October 2024 · 3 minute read

They couldn’t just remake “Don’t Breathe.” That would be no fun and a waste of everyone’s abilities. Instead, they take Lang’s Norman Nordstrom and provide him with a reason to leave the house. The results are nuttier and more savage but never as tense or tight. And it’s harder to root for him to succeed in taking down his invaders, knowing what we know from the first film about his brutal past. Still, there’s some style on display here, including one impressive, long tracking shot through Norman’s house at the start of the break-in; glimmers of that kind of complicated choreography and camerawork emerge elsewhere, but this sequence is the highlight. And with his shock of white hair and sinewy frame, Lang always provides a formidable presence, achieving an air of menace through little more than growls and his physical steeliness.

“Don’t Breathe 2” takes place eight years after the events of the first movie—which actually puts it in the near future, if you’re keeping track. A house fire left a little girl orphaned and alone in the middle of the street; Norman scooped her up, took her home and has raised her as his own daughter. He also named her Phoenix, which is only slightly on the nose. Meanwhile, the Rottweiler that follows her everywhere and protects her is named Shadow, and the movie actually finds a way to get even less subtle from there. Norman has kept her cloistered in their dilapidated Detroit home, but now that Phoenix is a tween (played by Madelyn Grace), she yearns desperately to have a normal life, make friends and attend school. On one of her weekly field trips to run errands with a trusted friend, we see why the outside world is such a dangerous place.

(Along those lines, it’s difficult to determine whether this is the best or worst possible time to release a movie called “Don’t Breathe 2” about people who stay inside their house all day; the fact that it’s only playing in theaters indicates that the studio hopes you’ll be willing to leave yours.)
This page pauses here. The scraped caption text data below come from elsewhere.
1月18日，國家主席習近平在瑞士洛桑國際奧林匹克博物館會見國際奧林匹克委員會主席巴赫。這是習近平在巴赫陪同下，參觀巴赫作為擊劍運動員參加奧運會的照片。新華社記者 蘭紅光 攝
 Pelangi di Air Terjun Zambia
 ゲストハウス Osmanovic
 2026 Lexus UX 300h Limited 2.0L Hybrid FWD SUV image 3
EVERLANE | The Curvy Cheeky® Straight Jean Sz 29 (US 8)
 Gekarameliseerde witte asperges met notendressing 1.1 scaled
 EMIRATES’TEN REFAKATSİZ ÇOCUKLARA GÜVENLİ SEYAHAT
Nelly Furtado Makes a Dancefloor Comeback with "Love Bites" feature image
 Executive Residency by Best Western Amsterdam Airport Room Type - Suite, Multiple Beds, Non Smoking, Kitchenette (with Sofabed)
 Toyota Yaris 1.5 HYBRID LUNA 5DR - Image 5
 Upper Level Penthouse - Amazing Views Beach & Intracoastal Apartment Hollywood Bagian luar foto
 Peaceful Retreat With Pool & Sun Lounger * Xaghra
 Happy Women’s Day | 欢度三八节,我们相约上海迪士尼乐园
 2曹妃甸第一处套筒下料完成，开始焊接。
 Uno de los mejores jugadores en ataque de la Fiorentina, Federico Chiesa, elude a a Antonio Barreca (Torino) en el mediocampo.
When a group of idiot tweakers follow Phoenix back home, led by a scuzzy Brendan Sexton III, we eventually discover what they’re really doing there. The resulting twists go from intriguing to insane, but they do change everything, turning a pretty standard home-invasion thriller into something wilder and weirder and—at times—darkly funny. Sayagues’ understated use of silence, creaking doors, and plodding footsteps in the film’s first half gives way to gruesome, bloody violence and vivid sound design as Norman fights off and outsmarts his attackers. Through it all, Grace meets the physical demands of her role, but there’s not much to her character otherwise. Phoenix is constantly reacting, either using the survival tools her “father” taught her or taking in new information about her true identity. Meanwhile, subplots about an organ trafficking ring and a nearby children’s shelter feel wedged-in awkwardly.